After running this command, simply open docs/_build/html/index.html using your favorite browser, e.g.:

firefox docs/_build/html/index.html

Miscellaneous#

A collection of other miscellaneous guidelines.

Updating pyproject.toml#

Because we statically link the requirements, the compilation process can extend to 30-60 minutes. That is mostly due to duckdb and tokio. To optimize this process, we use a GiHub Actions cache, but too many images blow the quota make the process less useful. To avoid this, the Rust component is setup to only save the compiled cache for branch main, and all other branches initiate from that, and hopefully save some fair amount of time. Thus, a good practice here is to update the pyproject.toml file and/or any Rust dependencies in a dedicated branch to avoid too much recompilation in working branches.

Error Handling#

Do not throw default warning/errors. Always use some subclass of compass.warn.COMPASSWarning or compass.exceptions.COMPASSError, like so:

from warnings import warn

from compass.warn import COMPASSWarning
from compass.exceptions import COMPASSValueError

...

def my_func():
    if not_good_enough_data:
        warn("Watch out for your data!", COMPASSWarning)

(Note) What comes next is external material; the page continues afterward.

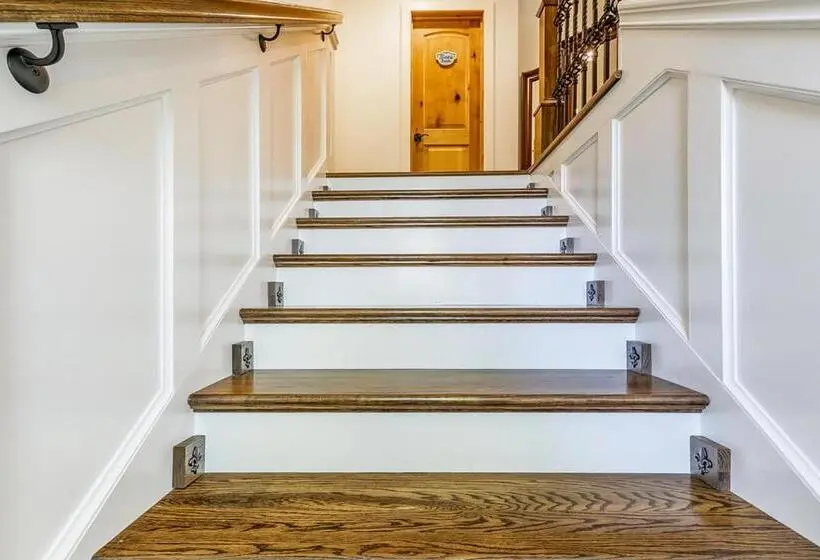 オーシャンビューデラックススイート, De La Bleau B&b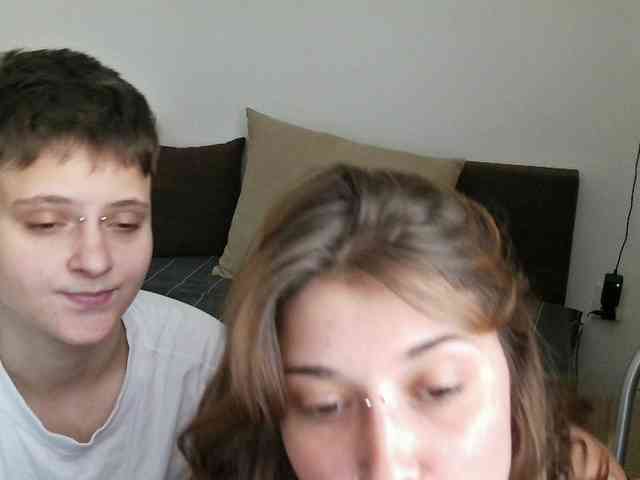 Aliens4twenty webcam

    if unacceptable_value:
        raise COMPASSValueError("This value is unacceptable")

This allows maximum flexibility for downstream users of the library. In particular, they can choose whether to handle just errors that originate from COMPASS (i.e. by catching COMPASSValueError) or to handle the generic version of the error (i.e. by catching ValueError).

In addition, all COMPASS warnings and errors have a logging call built in. This means you no longer need to do something like this:

# BAD - do not do this
if unacceptable_value:
    msg = "This value is unacceptable"
    logger.exception(msg)
    raise ValueError(msg)

Simply raising COMPASSValueError with the appropriate message performs the logging call shown above, internally, every time.

Test File Structure#

All test files (e.g. test_scenario.py) should start/end with the following block of code:

from pathlib import Path
import pytest

...

if __name__ == "__main__":
    pytest.main(["-q", "--show-capture=all", Path(__file__), "-rapP"])

This allows the (single) file to be executed, running only the tests contained within. This is extremely useful when updating/modifying/adding tests in the file.